On observe également une tendance à l'hybridation de certaines compagnies à bas coûts (tarification avec billets flexibles, utilisation des aéroports principaux (c'est-à-dire sans allocation-subvention des chambres de commerce ou des autorités locales comme c'est le cas pour les aéroports locaux décentrés), programme de fidélisation, attention croissante portée à la clientèle d'entreprise - ce qui limite la création de ligne point à point dans des endroits écartés, ...).
b) Le modèle des compagnies du Golfe9 ( * )
Ce modèle repose sur la constitution d'une offre d'intermédiation du trafic entre l'Europe et l'Asie 10 ( * ) : il s'agit de capter une partie du trafic qui est appelé à s'accroître sur ces routes.
Ces éléments constitutifs sont les suivants :
- des plateformes surdimensionnées : Roissy a deux pistes couplées indépendantes, Dubaï en aura prochainement huit. Le trafic passager y est passé de 9 millions de passagers en 1997 à 41 millions en 2009.
- d'importantes flottes de longs courriers gros porteurs (Emirates a commandé ou pris en option 100 Airbus A 380 - chiffre à comparer avec les commandes de 15 unités d'Air France et de Lufthansa). On estime qu'en 2030, Emirates sera la première compagnie mondiale long courrier .
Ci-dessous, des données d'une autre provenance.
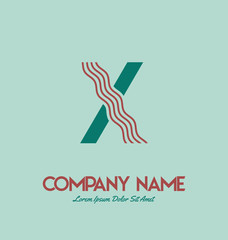 Initial letter X logo vector design template. Initial X minimalist logo template vector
- des régimes fiscaux, sociaux et des taxes aéroportuaires qui introduisent de très importantes distorsions de concurrence (estimées par Air France à 3 milliards d'euros par an).
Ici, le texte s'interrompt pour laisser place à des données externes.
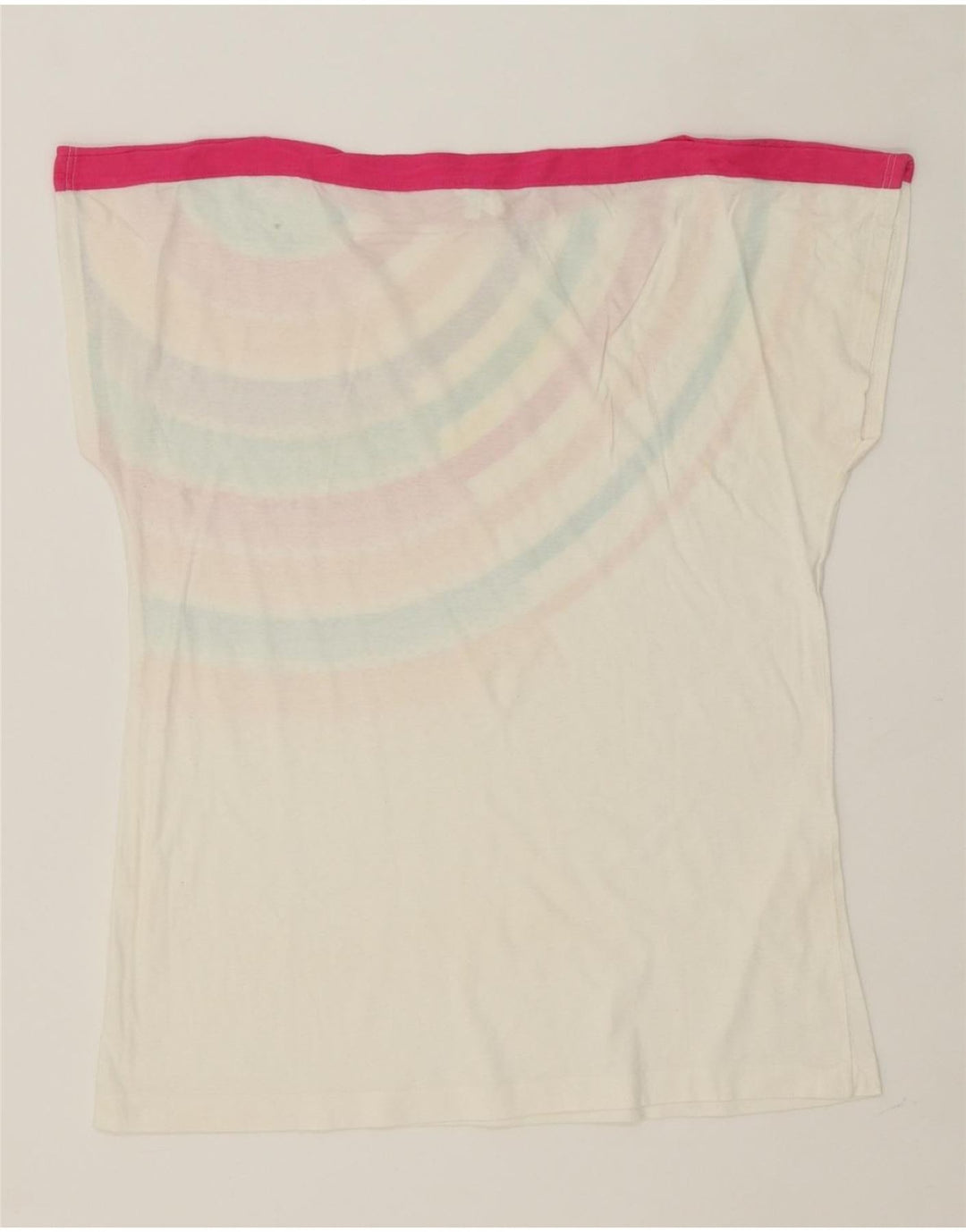 HUBER Womens Blouse Top IT 40 Medium White Striped Vintage Huber and Second-Hand Huber from Messina Hembry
Dès à présent, cet effort a été couronné de succès puisque ces compagnies ont gagné une part importante du marché sur ce segment entre 2005 et 2010.
Source : DWH Midt, bookings bidirectionnels
Au total, en 5 ans, les compagnies du Golfe ont gagné 5 points de parts de marché sur l'axe Europe-Asie-Afrique-Moyen-Orient dont la majeure partie au détriment de trois grandes compagnies européennes.
Si ce mouvement se poursuivait, il aboutirait en 2016 à la perte de 11 000 emplois en Europe.
Il convient donc d'apporter une attention particulière à l'ouverture des nouveaux droits de trafic. Sur ce point, l'attitude britannique, la plus libérale, a abouti à la perte de plus de 7 points de parts de marché sur l'axe précité, alors que l'attitude allemande beaucoup plus restrictive a permis de limiter les pertes de parts de marché Lufthansa à 2,2 points.
Mais, en filigrane, le problème se complique d'un conflit latent entre les intérêts de l'avionneur européen Airbus, à qui il pourrait être demandé de lier l'achat d'A 380 à l'ouverture des droits de trafic, et ceux des 3 grandes compagnies européennes de pavillon 11 ( * ) .
C'est dans le contexte d'une réticence de plus en plus grande des États possédant des « compagnies de pavillon » que les « compagnies du Golfe » ont récemment infléchi leur stratégie ; d'une part en incorporant les réseaux d'alliance constitués par les « compagnies de pavillon » et, d'autre part en développant des prises de participation (par exemple, Aer Lingus et Air Berlin).
* 7 En dix ans, la demande de transport aérien pour les personnes âgées a crû de 40 %.
* 8 Emploi de personnel avec contrat de travail de droit irlandais mais résidant sur le sol français (condamné par la justice française), méconnaissance du droit européen en matière de subvention (une plainte est actuellement instruite à ce titre par la Commission européenne).
* 9 Le modèle s'applique au trafic entre l'Asie et l'Europe ou l'Océan indien et l'Europe, mais des modèles similaires émergent sur la zone Asie-Pacifique-Amérique du Nord.
* 10 Mais également sur les zones touristiques de l'Océan indien (Ile Maurice).
* 11 Même si certains estiment que l'achat d'A 380 est un point de passage obligé pour les compagnies du Golfe, compte tenu de leur modèle économique.